▸ **PROBLEM STATEMENT**
Retype the entries. Match them exactly.
---------- DATA FOR REVIEW ----------
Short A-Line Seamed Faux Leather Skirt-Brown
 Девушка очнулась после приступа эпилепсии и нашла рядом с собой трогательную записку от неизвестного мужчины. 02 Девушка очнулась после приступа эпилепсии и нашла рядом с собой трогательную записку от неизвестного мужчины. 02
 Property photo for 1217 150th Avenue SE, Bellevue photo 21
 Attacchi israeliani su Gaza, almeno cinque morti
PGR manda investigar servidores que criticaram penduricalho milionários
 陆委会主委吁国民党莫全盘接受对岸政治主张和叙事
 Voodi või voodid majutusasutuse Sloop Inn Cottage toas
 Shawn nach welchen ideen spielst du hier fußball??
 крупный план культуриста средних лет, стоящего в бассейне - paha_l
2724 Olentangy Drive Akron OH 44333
----------
▸ **ANSWER BOX**
Short A-Line Seamed Faux Leather Skirt-Brown
 Девушка очнулась после приступа эпилепсии и нашла рядом с собой трогательную записку от неизвестного мужчины. 02 Девушка очнулась после приступа эпилепсии и нашла рядом с собой трогательную записку от неизвестного мужчины. 02
 Property photo for 1217 150th Avenue SE, Bellevue photo 21
 Attacchi israeliani su Gaza, almeno cinque morti
PGR manda investigar servidores que criticaram penduricalho milionários
 陆委会主委吁国民党莫全盘接受对岸政治主张和叙事
 Voodi või voodid majutusasutuse Sloop Inn Cottage toas
 Shawn nach welchen ideen spielst du hier fußball??
 крупный план культуриста средних лет, стоящего в бассейне - paha_l
2724 Olentangy Drive Akron OH 44333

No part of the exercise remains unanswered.